Он очнулся от оцепенения, когда чья-то рука тронула его плечо. Он сразу узнал это мягкое, кроткое прикосновение, очнулся, поднялся и кивнул Васудеве, который пришел за ним. Он посмотрел в дружелюбное лицо Васудевы, увидел мелкие, будто наполненные усмешкой морщинки, увидел веселые глаза — и тоже усмехнулся. Теперь он увидел и лежавшие перед ним бананы, поднял их, отдал один перевозчику, съел другой сам. Потом он молча шел с Васудевой по лесу, шел домой, на переправу. Ни один из них не вспоминал о происшедшем, ни один не говорил о мальчике и его бегстве, ни один не говорил о реке. В хижине Сидд-хартха лег на свою постель, и когда через некоторое время Васудева подошел к нему предложить чашку кокосового молока, он нашел его уже спящим.
ОМ
Долго не заживала рана. Часто приходилось Сиддхартхе перевозить путешествующих, с которыми ехали сын или дочь, и он не мог смотреть на них без зависти и каждый раз думал:
“Как много их, как много тысяч тех, кому дано это лучшее счастье, почему же мне — нет? Даже у злых людей, даже у воров и грабителей есть дети, и они их любят и любимы ими, только я один”. Так просто, так наивно он теперь мыслил, так похож он стал на человека-дитя.

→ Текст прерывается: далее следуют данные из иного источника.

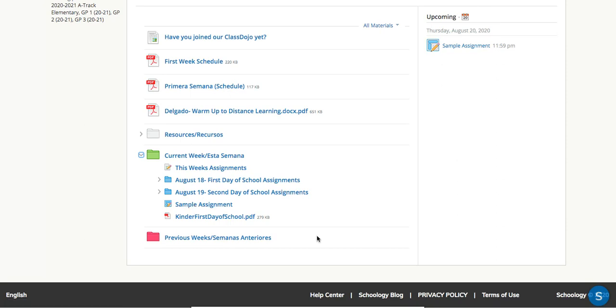You can also still see upcoming assignments on the right hand side. On the home screen it was for if you have multiple courses. Now that I'm inside the course, these assignments are more specifically geared towards this class.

Иначе, чем раньше” смотрел он теперь на людей — не так умно, не так гордо, зато теплее, зато с большим любопытством и участием. Перевозя обычных путешествующих, людей-детей — торговцев, воинов, женщин, — он чувствовал, что они уже не чужды ему, как прежде; он понимал их, он понимал и разделял не их мысли и взгляды, нет — только стремления и желания, и жизнь, которую они вели, он чувствовал, как они. Хотя он был близок к совершенству и страдал последней раной, но ему казалось, что эти люди-дети — его братья. Их суетность, жадность, мелочность уже не смешили его, стали понятны, стали достойны любви, стали для него даже достойны уважения. Слепая любовь матери к своему ребенку, глупая слепая гордость ученого отца единственным сыночком, слепая, животная потребность молодой тщеславной женщины в украшениях и восхищенных взглядах мужчин — все эти страсти, все эти детские увлечения, все эти простые, глупые, но чудовищно сильные, живучие, неизбывные инстинкты и желания уже не были для Сиддхартхи детской игрой: он видел, как люди этим живут, видел, какие чудеса совершают ради этого — путешествуют, ведут войны, и бесконечно много переносят, и бесконечно страдают, — и он был способен любить их за это. В каждой их страсти, в каждом поступке он видел жизнь, живое, неразрушимое, брахман. Достойны любви, достойны восхищения были эти люди с их слепой верностью, слепой силой и слепым упорством. Ничто не было им чуждо, и ученый, и мыслитель ничем не превосходили их, если не считать одной-единственной мелочи, одной-единственной ничтожной малости: сознания, осознанной мысли о единстве. И не раз Сиддхартха сомневался: а надо ли так высоко ценить это знание, эту мысль? Может быть, это тоже детская игра людей-мыслителей, людей-мыслителей-детей? Во всем прочем миряне были равны мудрецам и часто далеко их превосходили, так же как животные в их неуклонном и безошибочном исполнении необходимого могут зачастую казаться выше людей
Медленно раскрывалась, медленно зрела в голове Сиддхартхи мысль, что все долгие его искания были устремлены к одной-единственной цели: узнать, что же это, собственно, такое — что есть мудрость? Это была просто готовность души, способность, тайное искусство в каждый миг среди потока жизни мыслить в единстве, умение чувствовать единство, дышать им. Медленно расцветали в его душе редкостные цветы — гармония, знание вечного совершенства мира, усмешка, единство, — и ближе становилось ему старое, детское лицо Васудевы.
Но рана еще горела, страстно и горько вспоминал Сиддхартха убежавшего сына, лелеял в сердце любовь и нежность, отдавался приступам боли, совершал все глупости любви. Нелегко угасал этот огонь.